All that is needed is the lines from the one containing "2021 Kia KX3 1.5L 115HP L4 CVT" through the end of the listing, printed exactly, with no pictures among them.

----------

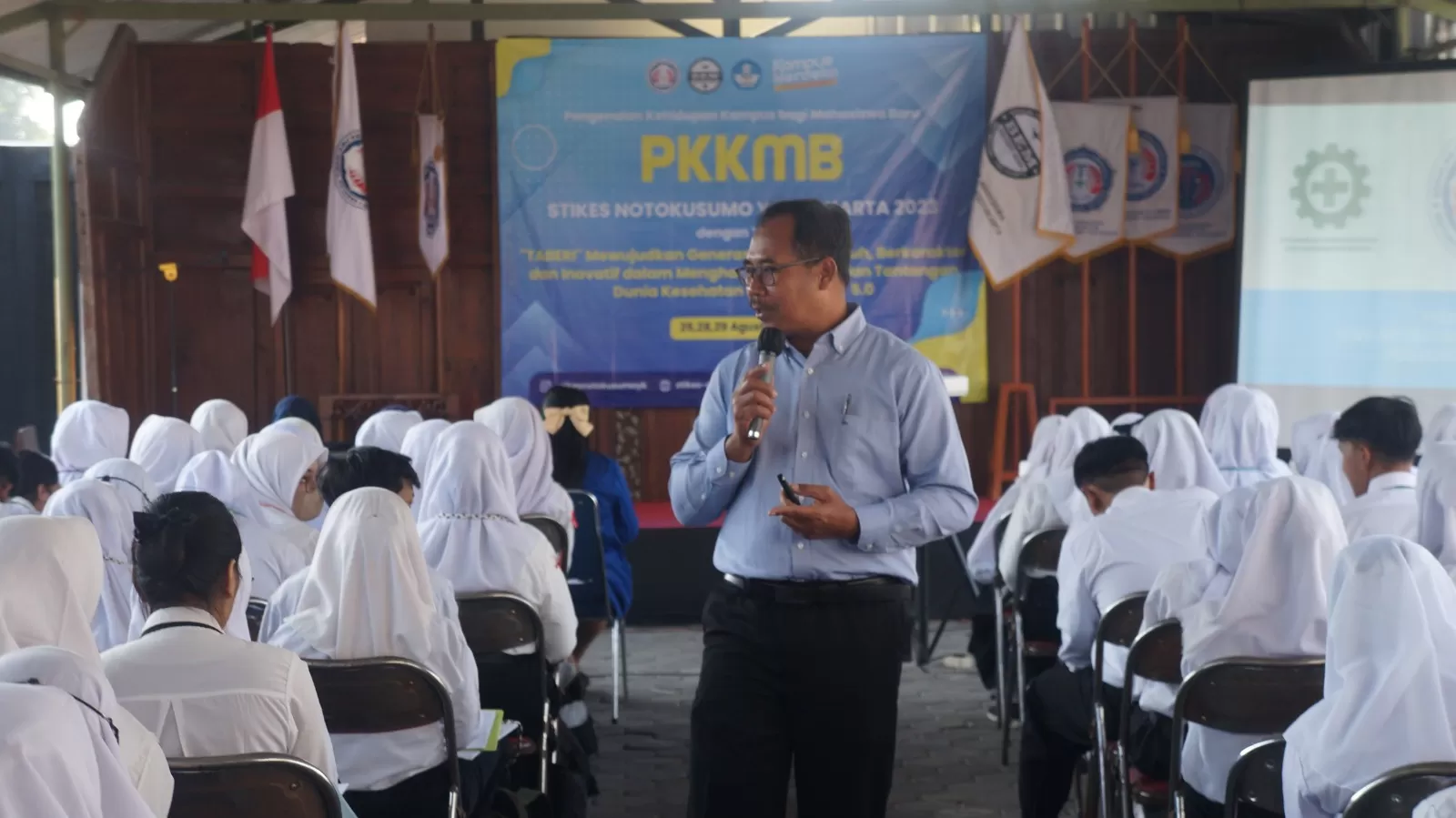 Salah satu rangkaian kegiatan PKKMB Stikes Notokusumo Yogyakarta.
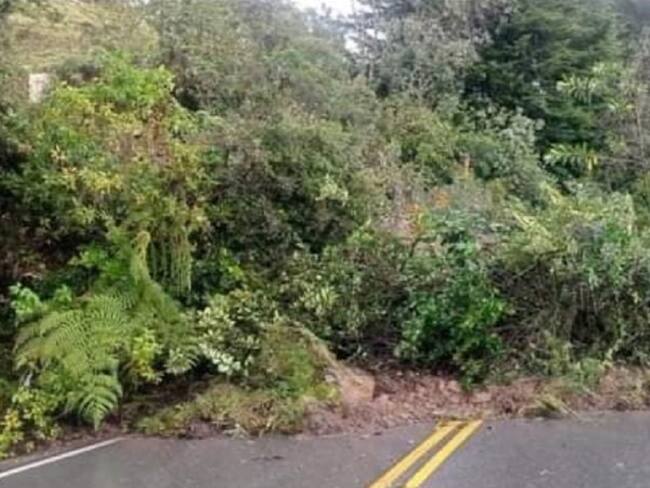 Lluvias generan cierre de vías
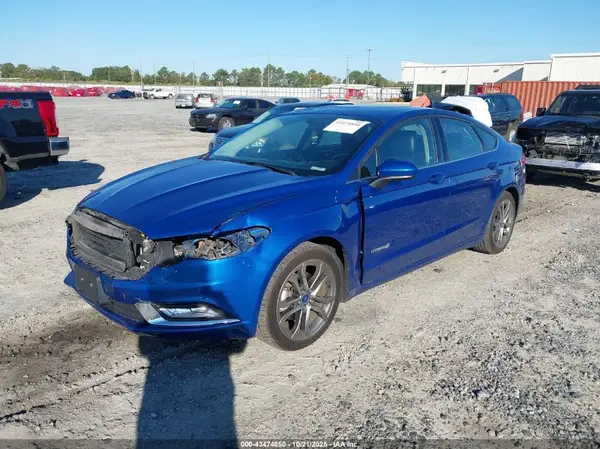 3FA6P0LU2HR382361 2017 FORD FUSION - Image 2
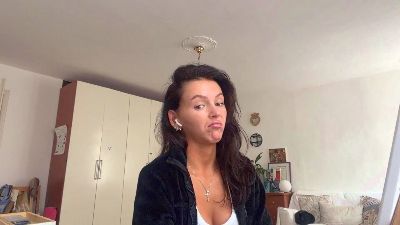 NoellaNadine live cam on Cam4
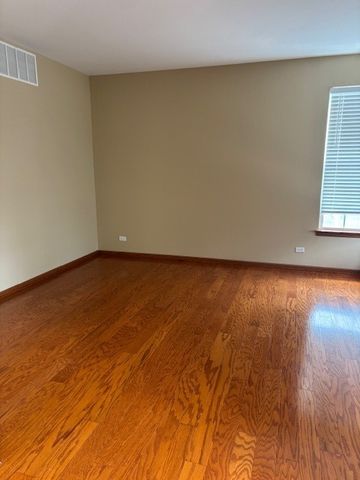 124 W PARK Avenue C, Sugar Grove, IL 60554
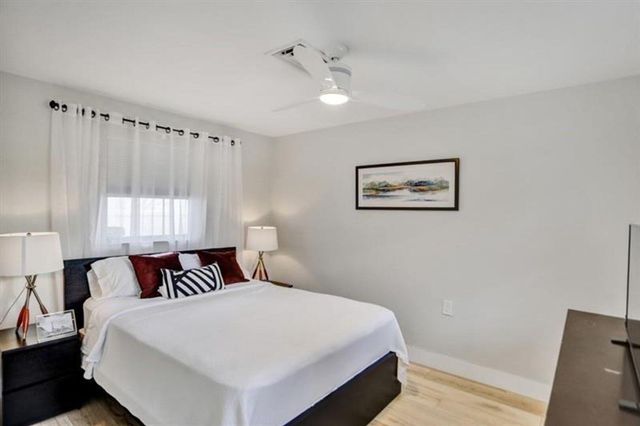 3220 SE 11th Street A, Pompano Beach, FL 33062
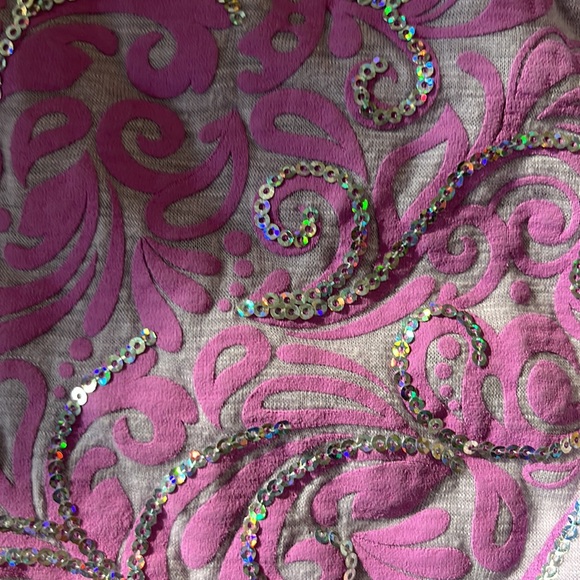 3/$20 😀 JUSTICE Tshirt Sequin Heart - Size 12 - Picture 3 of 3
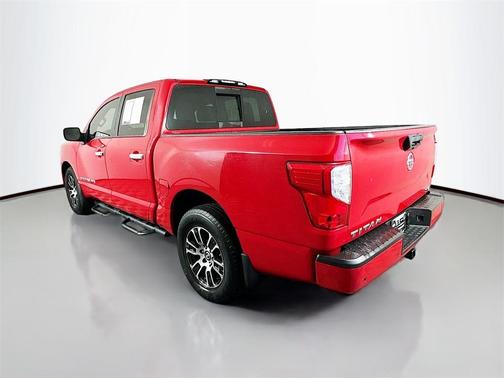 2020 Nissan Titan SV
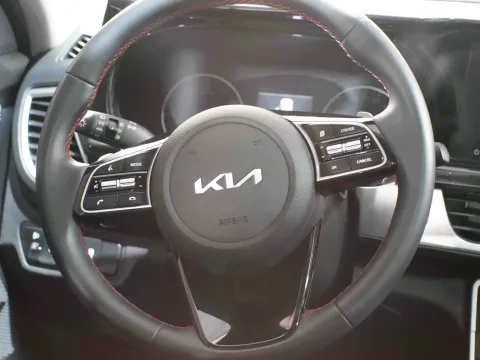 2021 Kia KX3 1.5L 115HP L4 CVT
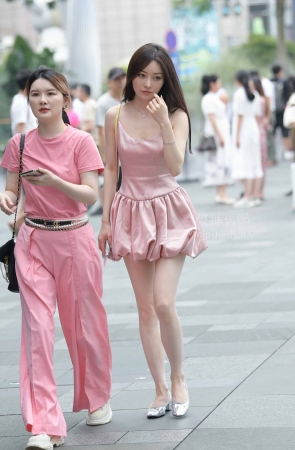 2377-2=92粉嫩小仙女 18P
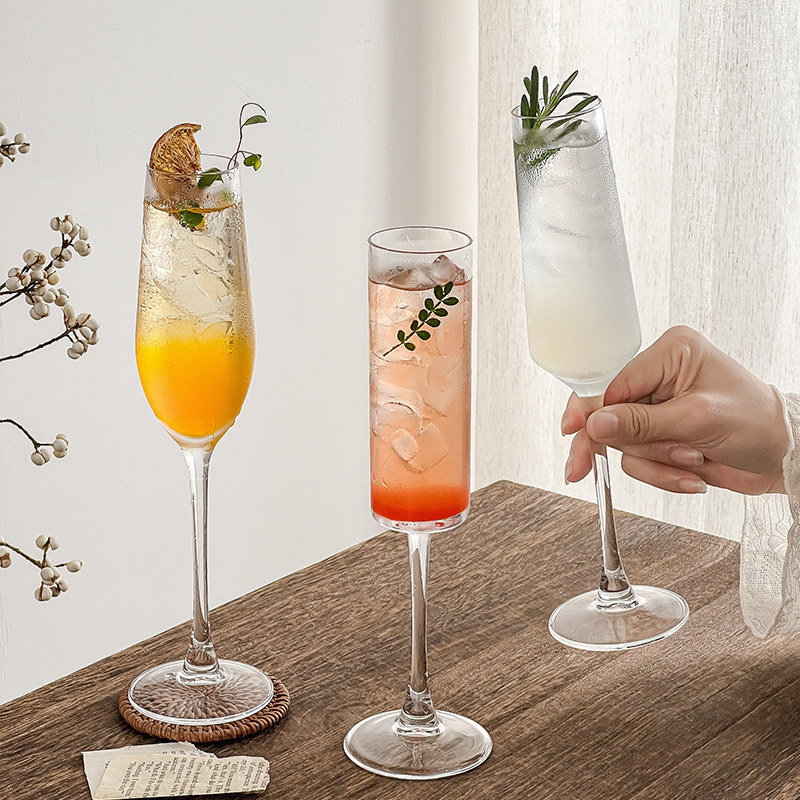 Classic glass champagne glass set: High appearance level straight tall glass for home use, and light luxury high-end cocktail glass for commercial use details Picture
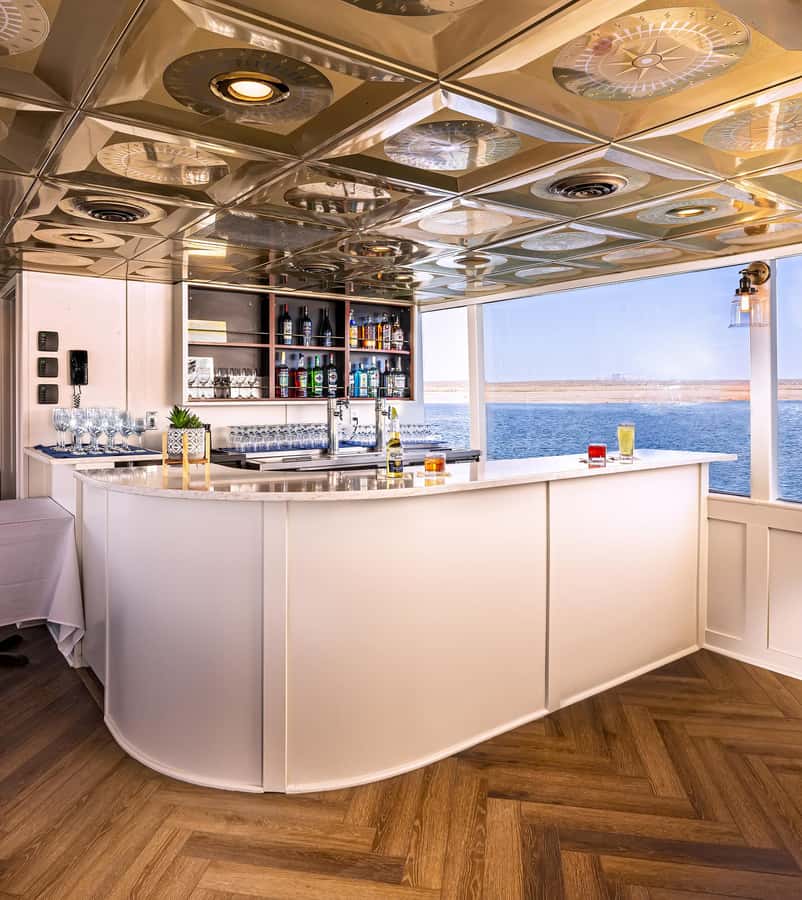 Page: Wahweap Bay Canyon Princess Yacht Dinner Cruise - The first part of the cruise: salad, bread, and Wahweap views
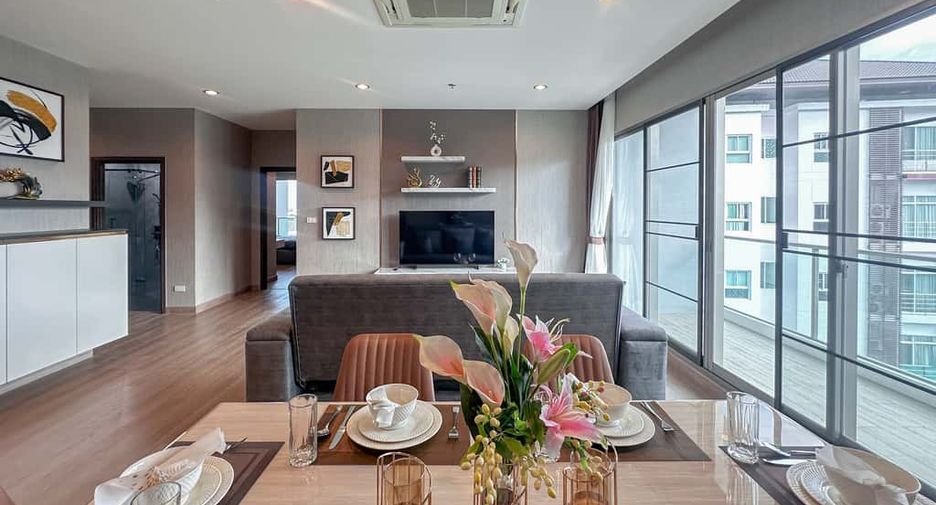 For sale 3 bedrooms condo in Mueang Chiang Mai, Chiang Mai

----------

* Exercise answer *
 2021 Kia KX3 1.5L 115HP L4 CVT
 2377-2=92粉嫩小仙女 18P
 Classic glass champagne glass set: High appearance level straight tall glass for home use, and light luxury high-end cocktail glass for commercial use details Picture
 Page: Wahweap Bay Canyon Princess Yacht Dinner Cruise - The first part of the cruise: salad, bread, and Wahweap views
 For sale 3 bedrooms condo in Mueang Chiang Mai, Chiang Mai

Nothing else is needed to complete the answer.